ITchimp wrote:My question to you (Dear nullplan) is that what you would do differently on getting the kernel task its own stack without breaking the kernel execution path?
Not use fork in kernel code, for one thing. I'm creating a 64-bit kernel, and in that kernel, all physical memory is always mapped. The kernel half of the address space is the same in all address spaces, starting with the memory mirror and ending in the kernel image mapping. With dynamic allocations in the middle. It is advantageous to map the memory needed in the kernel twice, so that fragmentation does not becomes as much of a problem. Also, so that I can use guard pages to prevent a stack overflow from going unnoticed.

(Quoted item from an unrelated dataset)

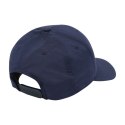 Czapka z daszkiem Fila Funza 5 FCT0002 50004 N/A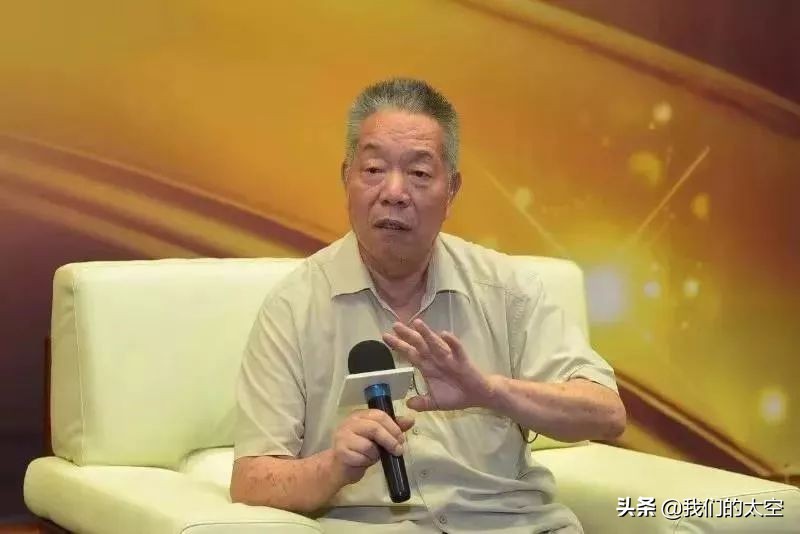 巨星陨落风云变幻,巨星陨落的命运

Before you can understand task creation, you first must understand my task switching code:
Code: Select all
void switch_to_task(uintptr_t *old_stack, uintptr_t new_stack);
Code: Select all
switch_to_task:
pushq %r15
pushq %r14
pushq %13
pushq %r12
pushq %rbp
pushq %rbx
movq %rsp, (%rdi)
movq %rsi,%rsp
popq %rbx
popq %rbp
popq %r12
popq %r13
popq %r14
popq %r15
retq
The task structure is located at the top of the kernel stack. I'm allocating 2 pages for kernel stack (and another guard page), and I recon I probably won't need that much. And the task structure is a few hundred bytes. So that's why.
Code: Select all
int new_kthread(const char *name, void (*func)(void*), void* arg)
{
int r = -EAGAIN;
int tid = alloc_tid();
if (tid < 0) goto out;
r = -ENOMEM;
void *p = do_mmap(0, KSTACK_SIZE + KSTACK_GUARD_SIZE, PROT_NONE, MAP_KERNEL | MAP_ANONYMOUS, -1, 0);
if (!p) goto out;
if (do_mprotect((char*)p + KSTACK_GUARD_SIZE, KSTACK_SIZE, MAP_READ | MAP_WRITE)) goto out_unmap;
struct task *t = (struct task *)((char*)p + KSTACK_SIZE + KSTACK_GUARD_SIZE - sizeof (struct task));
strlcpy(t->name, name, sizeof t->name);
t->tid = tid;
task_list_add(t);
t->flags = TIF_KERNEL;
uint64_t *stk = (void*)t;
stk -= 7;
stk[0] = (uint64_t)t;
stk[1] = (uint64_t)func;
stk[2] = (uint64_t)arg;
stk[6] = (uint64_t)start_kernel_thread;
t->kstack = (uintptr_t)stk;
t->kstackbot = (uintptr_t)p + KSTACK_GUARD_SIZE;
mark_task_runnable(t);
return 0;
out_unmap:
do_munmap(p, 3 << 12);
out:
return r;
}
The synchronization happens inside the subroutines there. mark_task_runnable() will queue the task up in the run queue. When the scheduler gets to it, it will pop the task pointer, the function, and the argument into RBX, RBP, and R12, and will then "return" to a label called "start_kernel_thread". What happens there?
Code: Select all
start_kernel_thread:
sti
movq %rbx, %rdi
movq %rbp, %rsi
movq %r12, %rdx
xorl %ebp, %ebp
btrq $3, %rsp
call start_kernel_thread_c
ud2
OK, nothing major. Shuffle the arguments around for a C function, call it according to ABI, and expect it not to return. And then that function does what?
Code: Select all
noreturn void start_kernel_thread_c(struct task *t, void (*fn)(void*), void* arg) {
this_cpu_write(current_task, t);
fn(arg);
exit_task(t);
for (;;)
schedule();
}
Unsurprisingly, this sets the "current_task" CPU variable to the new task, calls the function, then condemns the thread and calls the scheduler forever. In theory, the scheduler shouldn't return, but since the function is "noreturn", I must also convince the compiler that it doesn't, lest I get a warning. Setting "current_task" must be done from C, because that is just so dynamic.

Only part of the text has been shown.